False positives, false negatives: Type I and Type II errors in A/B testing

Every A/B test makes a yes-or-no call: did the variant beat the control? There are two ways that call goes wrong, and most teams only worry about one of them.

Type I error: the false positive

A Type I error is declaring a winner that is not real. The variant looked better by chance, you shipped it, and the lift quietly evaporates. Your significance level, often 95%, is the dial for this. At 95% you are accepting a 5% chance of a false positive on any single test.

Type II error: the false negative

A Type II error is missing a winner that is real. The variant genuinely converts better, but your test could not see it, so you kept the worse page. This is the expensive mistake nobody notices, because nothing visibly broke. You just never banked the lift.

The tradeoff nobody mentions

Tighten one and you loosen the other. Demand more certainty to cut false positives, and you need more data to detect a true effect, which raises false negatives unless you wait longer. The lever that helps both at once is statistical power, driven mostly by sample size and the size of the real effect.
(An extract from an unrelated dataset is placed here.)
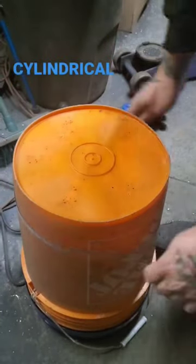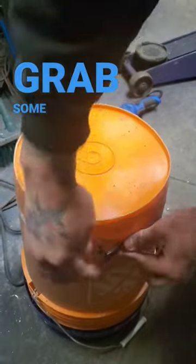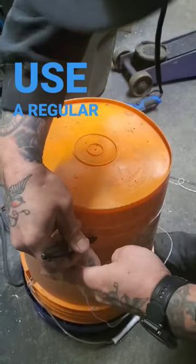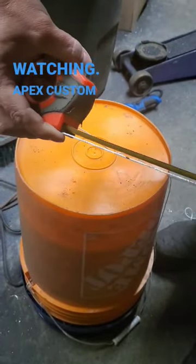Need to measure something cylindrical and don't have one of these soft measuring tapes? Just grab some string and a sharpie. Wrap the string around the object and mark where the end meets, then use a regular measuring tape to measure the string. Thanks for watching Apex Custom Smokers.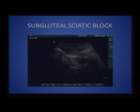In conclusion, here is a video of a sciatic subgluteal nerve block. You can see the greater trochanter, the ischial tuberosity, and the needle coming out-of-plane almost on top of the nerve. As the injection begins, you will see the local anesthetic spreading and the nerve being displaced downwards. Once the local anesthetic is placed, the nerve is actually better defined. Thank you very much.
Why this bites in practice

Peeking. Checking the test daily and stopping the moment it looks significant inflates false positives badly.
Underpowered tests. Too little traffic means real winners hide in the noise. (Why most tests are underpowered.)
Tiny effects. A true 1% lift needs a lot of traffic to confirm, so many teams give up and bank a false negative without realizing it.

How to keep both in check

Decide the sample size before you start, and do not stop early.
Choose a significance level that matches the stakes, not a reflex 95%.
Prioritize tests on pages with enough traffic to actually resolve.

A different way out

Both errors come from forcing one binary decision at one moment. Methods that keep allocating traffic by probability instead of a single verdict sidestep the trap: they shift toward what is likely better and keep updating, so a wrong early read self-corrects instead of getting shipped. That is the logic behind multi-armed bandits.